Even many potty-trained hedgehogs go on the wheel, while some just can't be potty-trained at all. In this case, you can put something (litterbox) under the wheel to catch run-off and to wipe poopy-feet.

Good luck, and welcome to the forum! If you haven't seen it yet, check out this lovely care guide.


----------



## jlindsey428 (Sep 23, 2013)

I successfully potty trained my hedgehog! I describe it here!
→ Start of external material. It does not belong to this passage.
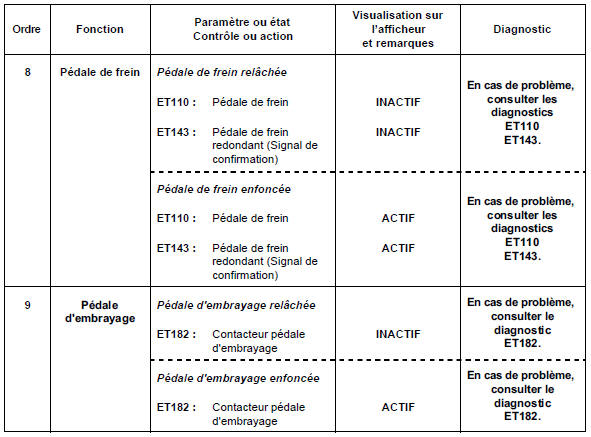 Sous contact, moteur arrêté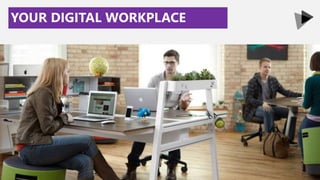 YOUR DIGITAL WORKPLACE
http://www.hedgehogcentral.com/forums/18-fun-stuff/39553-potty-training-success-story-time.html#post298761

hope this helps! I would add that you should probably start potty training immediately. The younger they are the more chance of success! Good luck!


----------



## MightyMichelle (Jan 13, 2014)

My hedgie is semi potty trained. I'm pretty pleased about it, being a small creature and all.
Hedgies naturally don't poop where they sleep, as it gives their location away to predators. So that's already easy. The biggest problem is the wheel. Hedgies love to terd on the go.
I find hedgies, like a lot of other pets, are creatures of habit. I pull Clementine out of her bed usually the same time every evening. The morning terd is usually the biggest, so to get them to do that, and then clean it up right away, is basically the goal. Clementine goes on a fleece square in a closet. She basically chose the spot before I decided to train her, she already liked pooping there. Again, creature of habit. So I just put the cloth rag there, and since she already pooped there, it smelled like it, so it continued. She'll still terd on the wheel, it's tough it get around that. But I put Yesterday's News cat litter under the wheel so at least it collects her urine.
So if you catch the "Good morning" #2 ritual, it's pretty easy to maintain from there.


----------



## Casandra (Jun 23, 2016)

*potty training*

Hi everyone, i have a female hedgehog bout 13 weeks now and the breeder i got her from said she was litter box trained and when i brought her home she used the litter box but now shes starting to pee and poop in her sleeping place to how can i stop her from peeing and pooping in her bed????


----------



## Prue (Feb 20, 2016)

Please start a new topic, Casandra. This one is from more than two years ago, and the members probably aren't active anymore.


----------



## Casandra (Jun 23, 2016)

im just trying to figure out how i can get her to stop potting where she sleeps thats all


----------



## nikki (Aug 28, 2008)

Please start your own thread if you want answers to your questions. Questions on old threads will not be answered.


----------